Only ten years after writing the thing, I've finally got around to making the AMPL toolbox for Matlab available on the Mathworks File Exchange: http://www.mathworks.co.uk/matlabcentral/fileexchange/39795-ampl-data-file-toolbox

AMPL (see http://www.ampl.com/) stands for "A Mathematical Programming Language" and allows optimization problems to be written in a language close to how you'd write in in equations.  It also takes care of a great deal of "housekeeping" tasks like enumerating variables and constraints over sets of indices.  To solve an optimization, the AMPL executable typically combines a model file, containing the structure of the problem in terms of symbolic variables and parameters, with a data file, containing parameter values, to create a binary "NL" file encoding the whole problem.  Then an external solver (e.g.

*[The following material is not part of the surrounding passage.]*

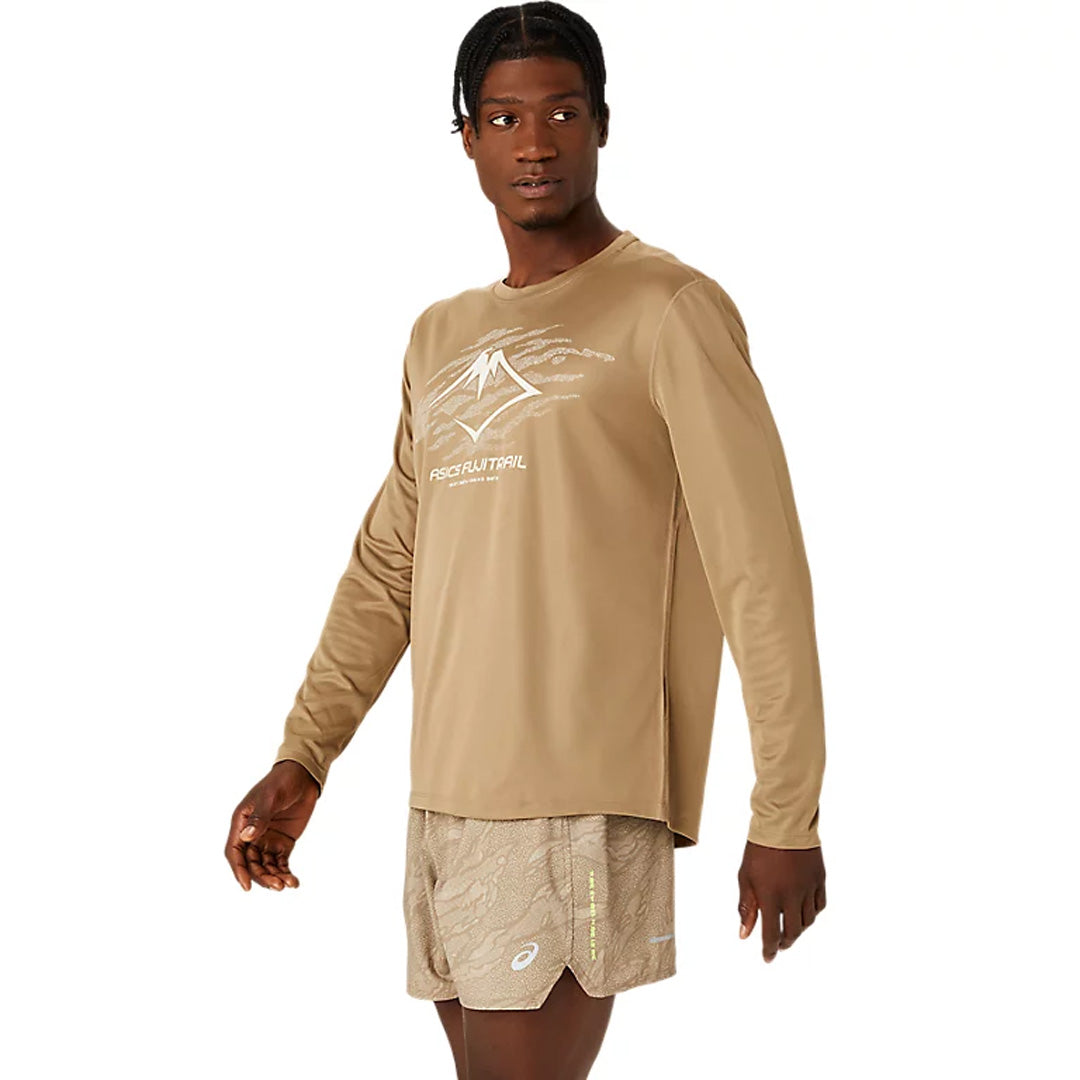 Asics Fujitrail Logo Men's Running Long Sleeve T-Shirt - Pepper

CPLEX, Gurobi or IPOPT) is invoked to solve the problem in the NL file and report results back to AMPL.

The AMPL-Matlab toolbox contains a series of utilities for writing the AMPL data file from Matlab.  Since MATLAB can also read data back from AMPL easily (just redirect an AMPL "printf" command to a file and use "load" in Matlab), this means you can do the whole process of optimization and data analysis in Matlab scripts.  OK, all that file writing and reading isn't the fastest way of doing business, and if you know exactly what you want to deploy in anger, you'd do it differently.  But, if your business is in tinkering with the structure of the optimization and the algorithm, as ours is, this makes an excellent rapid prototyping tool.

We've used this approach in our work on robot navigation and flight routing, among many other things.